Scottish MP launches consultation on bill to pardon thousands of ‘witches’ convicted centuries ago
More than 2,500 people were executed under the 1563 law and four-fifths of them were women, according to an estimate Scottish MP Natalie Don (Photo by Andy Buchanan- Pool/Getty Images)
Scottish MP Natalie Don has sought speedy legal pardons for all people executed over witchcraft under a historic law.
The Scottish National Party politician said on Thursday that failures to administer justice posthumously to the victims of Witchcraft Act 1563 and thereby create awareness would “prolong misogyny”.
Don, who spoke before the launch of a Holyrood member’s bill, said, “the only way we can move forward in terms of where we are with misogyny and prejudice in society is by fixing these injustices of our past.”
Some 4,000 people were accused of witchcraft and more than 2,500 were executed, four-fifths of them women, according to an estimate.
They were mostly strangled and then burned, after making confessions that were often extracted under torture.

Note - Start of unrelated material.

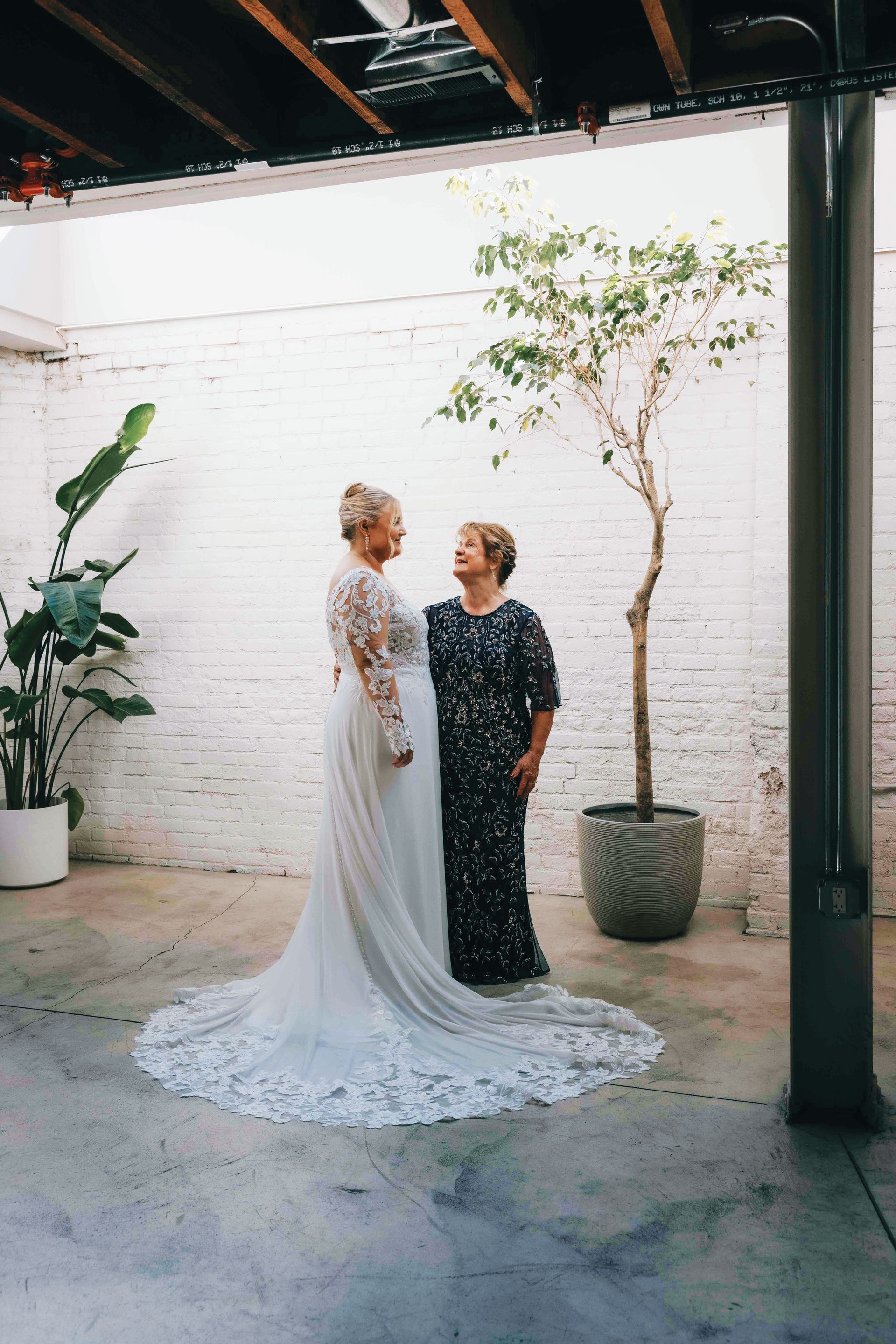 A bride in a long, white lace-sleeved dress stands facing an older woman in a sparkling, dark, long-sleeved gown.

The 1563 law approved capital punishment for those guilty of witchcraft and was in force until 1736.
Witch hunts were also promoted by Scotland’s King James VI.
Don said, “specific kinds of women that were targeted, generally because they were a little bit different, they were poor, they were outcasts. We still see that in the modern-day, although it’s maybe not the same characteristics – where women who do choose to be different or independent feel men’s anger.”
She had previously said people were still accused and punished for practising witchcraft in several countries across the world and Scotland should lead the way in acknowledging the horrors of the past and ensure that these people did not go down in history as criminals.
Campaign group Witches of Scotland welcomed the launch of the bill, with its founder Claire Mitchell saying, “this is a way for people in the 21st century to acknowledge and to have their say in pardoning those who suffered the gravest miscarriage of justice centuries before.”
According to the group, people accused of witchcraft were locked up awaiting trial and tortured to confess. Torture in Scotland was usually by way of sleep deprivation – keeping people awake until they confessed.
Often these torture methods were carried out in public. Torture by crushing and pulling out nails was also used, it said.